§ **Action item**
Using the data below, return the stretch from the line that contains "Pink Viscose Embroidered" through the line that contains "Artisan 34 Extra", both included, exactly as it stands and nothing beyond it.

Brief descriptive captions
◇ ◇ ◇
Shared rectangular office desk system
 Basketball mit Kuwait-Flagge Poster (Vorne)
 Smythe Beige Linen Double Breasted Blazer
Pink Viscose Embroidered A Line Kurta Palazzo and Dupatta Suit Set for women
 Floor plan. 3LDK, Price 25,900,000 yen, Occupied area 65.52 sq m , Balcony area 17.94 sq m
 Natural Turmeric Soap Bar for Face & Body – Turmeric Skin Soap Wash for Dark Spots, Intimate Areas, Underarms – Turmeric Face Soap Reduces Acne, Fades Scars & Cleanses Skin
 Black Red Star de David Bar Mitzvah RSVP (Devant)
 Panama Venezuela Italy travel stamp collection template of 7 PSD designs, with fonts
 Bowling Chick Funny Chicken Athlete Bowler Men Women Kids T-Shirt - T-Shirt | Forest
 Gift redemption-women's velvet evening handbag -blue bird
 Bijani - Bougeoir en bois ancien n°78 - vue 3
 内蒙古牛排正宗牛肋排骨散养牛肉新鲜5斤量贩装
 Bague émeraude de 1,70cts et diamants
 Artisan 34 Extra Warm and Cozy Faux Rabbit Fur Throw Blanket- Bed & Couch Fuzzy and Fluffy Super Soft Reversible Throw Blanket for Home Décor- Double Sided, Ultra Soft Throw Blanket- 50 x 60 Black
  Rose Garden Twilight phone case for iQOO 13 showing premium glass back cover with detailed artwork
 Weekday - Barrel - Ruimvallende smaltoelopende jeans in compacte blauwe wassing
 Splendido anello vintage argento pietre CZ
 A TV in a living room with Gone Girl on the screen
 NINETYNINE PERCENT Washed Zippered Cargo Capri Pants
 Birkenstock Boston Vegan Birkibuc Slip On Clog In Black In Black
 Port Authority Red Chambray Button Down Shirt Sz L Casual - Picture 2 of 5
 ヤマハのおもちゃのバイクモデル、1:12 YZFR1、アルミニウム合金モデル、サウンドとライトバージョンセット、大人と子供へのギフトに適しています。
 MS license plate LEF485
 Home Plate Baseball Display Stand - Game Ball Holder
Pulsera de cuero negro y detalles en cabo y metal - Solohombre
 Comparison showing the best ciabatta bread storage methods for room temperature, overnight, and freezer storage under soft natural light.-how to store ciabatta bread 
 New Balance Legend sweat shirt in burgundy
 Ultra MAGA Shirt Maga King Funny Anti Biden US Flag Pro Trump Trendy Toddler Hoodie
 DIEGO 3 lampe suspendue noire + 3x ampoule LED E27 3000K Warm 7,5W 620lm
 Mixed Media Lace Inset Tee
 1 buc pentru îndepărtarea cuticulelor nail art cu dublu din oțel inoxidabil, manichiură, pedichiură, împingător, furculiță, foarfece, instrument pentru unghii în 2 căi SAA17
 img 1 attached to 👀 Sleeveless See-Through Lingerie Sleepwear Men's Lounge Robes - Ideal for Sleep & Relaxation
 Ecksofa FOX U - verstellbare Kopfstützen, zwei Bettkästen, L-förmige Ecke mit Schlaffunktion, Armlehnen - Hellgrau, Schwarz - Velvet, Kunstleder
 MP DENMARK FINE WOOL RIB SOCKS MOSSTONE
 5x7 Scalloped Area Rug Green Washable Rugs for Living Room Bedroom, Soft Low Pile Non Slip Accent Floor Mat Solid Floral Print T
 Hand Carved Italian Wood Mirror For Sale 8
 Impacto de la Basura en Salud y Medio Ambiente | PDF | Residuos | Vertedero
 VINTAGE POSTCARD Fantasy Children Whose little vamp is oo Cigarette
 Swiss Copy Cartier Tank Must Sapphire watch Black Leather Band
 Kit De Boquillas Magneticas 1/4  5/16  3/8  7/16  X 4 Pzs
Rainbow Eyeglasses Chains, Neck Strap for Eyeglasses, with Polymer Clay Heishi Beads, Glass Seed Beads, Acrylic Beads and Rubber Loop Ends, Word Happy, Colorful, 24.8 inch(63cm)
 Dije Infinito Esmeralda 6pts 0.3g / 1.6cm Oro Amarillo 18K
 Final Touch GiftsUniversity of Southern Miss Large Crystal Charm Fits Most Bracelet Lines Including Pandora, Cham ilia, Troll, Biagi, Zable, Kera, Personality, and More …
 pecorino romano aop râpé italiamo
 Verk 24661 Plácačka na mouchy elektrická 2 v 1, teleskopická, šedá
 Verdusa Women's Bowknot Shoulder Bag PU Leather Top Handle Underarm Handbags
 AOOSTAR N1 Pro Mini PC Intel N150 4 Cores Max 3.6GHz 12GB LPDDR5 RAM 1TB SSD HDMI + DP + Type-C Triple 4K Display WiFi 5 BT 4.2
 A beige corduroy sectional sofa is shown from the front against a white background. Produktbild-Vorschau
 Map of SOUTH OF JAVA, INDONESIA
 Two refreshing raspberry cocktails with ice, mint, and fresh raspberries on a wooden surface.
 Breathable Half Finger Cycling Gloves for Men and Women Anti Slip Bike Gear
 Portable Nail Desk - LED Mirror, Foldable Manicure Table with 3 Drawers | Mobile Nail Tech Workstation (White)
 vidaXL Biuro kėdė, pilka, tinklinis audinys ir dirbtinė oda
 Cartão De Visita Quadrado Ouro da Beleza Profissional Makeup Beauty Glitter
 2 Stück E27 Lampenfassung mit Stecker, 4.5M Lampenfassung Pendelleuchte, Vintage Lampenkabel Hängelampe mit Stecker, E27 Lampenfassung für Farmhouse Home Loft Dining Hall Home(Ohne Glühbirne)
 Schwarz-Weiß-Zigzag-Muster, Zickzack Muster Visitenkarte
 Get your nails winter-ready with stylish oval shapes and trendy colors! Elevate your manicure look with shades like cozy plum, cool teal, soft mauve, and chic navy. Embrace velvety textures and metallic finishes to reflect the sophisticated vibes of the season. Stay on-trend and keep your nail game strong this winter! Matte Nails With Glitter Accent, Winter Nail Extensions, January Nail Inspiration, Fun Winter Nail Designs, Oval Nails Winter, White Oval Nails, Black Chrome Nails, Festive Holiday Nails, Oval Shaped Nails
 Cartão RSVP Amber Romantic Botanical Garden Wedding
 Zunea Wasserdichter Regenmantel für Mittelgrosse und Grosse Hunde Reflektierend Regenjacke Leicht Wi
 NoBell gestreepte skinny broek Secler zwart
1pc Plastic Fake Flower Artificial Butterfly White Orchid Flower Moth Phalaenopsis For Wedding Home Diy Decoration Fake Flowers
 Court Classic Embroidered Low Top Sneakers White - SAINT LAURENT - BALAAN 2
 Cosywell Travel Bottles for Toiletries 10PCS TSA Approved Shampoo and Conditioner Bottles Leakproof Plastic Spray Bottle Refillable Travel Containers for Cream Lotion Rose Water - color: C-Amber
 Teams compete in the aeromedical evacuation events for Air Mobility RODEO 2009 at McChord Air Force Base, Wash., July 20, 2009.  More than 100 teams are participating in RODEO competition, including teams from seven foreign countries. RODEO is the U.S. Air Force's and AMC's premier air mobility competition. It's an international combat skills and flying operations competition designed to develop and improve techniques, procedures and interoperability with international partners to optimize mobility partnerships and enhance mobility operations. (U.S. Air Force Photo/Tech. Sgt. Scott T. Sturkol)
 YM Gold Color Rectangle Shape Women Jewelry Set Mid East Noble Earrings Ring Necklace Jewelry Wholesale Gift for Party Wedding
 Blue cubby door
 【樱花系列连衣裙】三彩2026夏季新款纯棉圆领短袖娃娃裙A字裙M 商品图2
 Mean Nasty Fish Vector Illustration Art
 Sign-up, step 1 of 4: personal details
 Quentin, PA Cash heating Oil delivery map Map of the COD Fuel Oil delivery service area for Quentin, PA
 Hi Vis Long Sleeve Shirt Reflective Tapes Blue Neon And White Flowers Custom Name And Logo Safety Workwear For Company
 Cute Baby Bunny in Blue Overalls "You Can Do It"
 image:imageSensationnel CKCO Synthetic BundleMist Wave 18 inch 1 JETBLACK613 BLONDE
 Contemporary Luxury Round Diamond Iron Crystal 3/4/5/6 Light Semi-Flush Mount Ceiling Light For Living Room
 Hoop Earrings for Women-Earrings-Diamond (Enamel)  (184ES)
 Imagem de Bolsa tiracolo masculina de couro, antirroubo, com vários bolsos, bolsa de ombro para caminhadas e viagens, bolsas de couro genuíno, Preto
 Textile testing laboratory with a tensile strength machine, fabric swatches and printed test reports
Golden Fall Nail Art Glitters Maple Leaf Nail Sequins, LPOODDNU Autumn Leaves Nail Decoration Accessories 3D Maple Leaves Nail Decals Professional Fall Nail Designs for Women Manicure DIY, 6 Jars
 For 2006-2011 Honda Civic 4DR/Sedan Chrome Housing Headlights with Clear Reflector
◇ ◇ ◇
§ **Output below**
Pink Viscose Embroidered A Line Kurta Palazzo and Dupatta Suit Set for women
 Floor plan. 3LDK, Price 25,900,000 yen, Occupied area 65.52 sq m , Balcony area 17.94 sq m
 Natural Turmeric Soap Bar for Face & Body – Turmeric Skin Soap Wash for Dark Spots, Intimate Areas, Underarms – Turmeric Face Soap Reduces Acne, Fades Scars & Cleanses Skin
 Black Red Star de David Bar Mitzvah RSVP (Devant)
 Panama Venezuela Italy travel stamp collection template of 7 PSD designs, with fonts
 Bowling Chick Funny Chicken Athlete Bowler Men Women Kids T-Shirt - T-Shirt | Forest
 Gift redemption-women's velvet evening handbag -blue bird
 Bijani - Bougeoir en bois ancien n°78 - vue 3
 内蒙古牛排正宗牛肋排骨散养牛肉新鲜5斤量贩装
 Bague émeraude de 1,70cts et diamants
 Artisan 34 Extra Warm and Cozy Faux Rabbit Fur Throw Blanket- Bed & Couch Fuzzy and Fluffy Super Soft Reversible Throw Blanket for Home Décor- Double Sided, Ultra Soft Throw Blanket- 50 x 60 Black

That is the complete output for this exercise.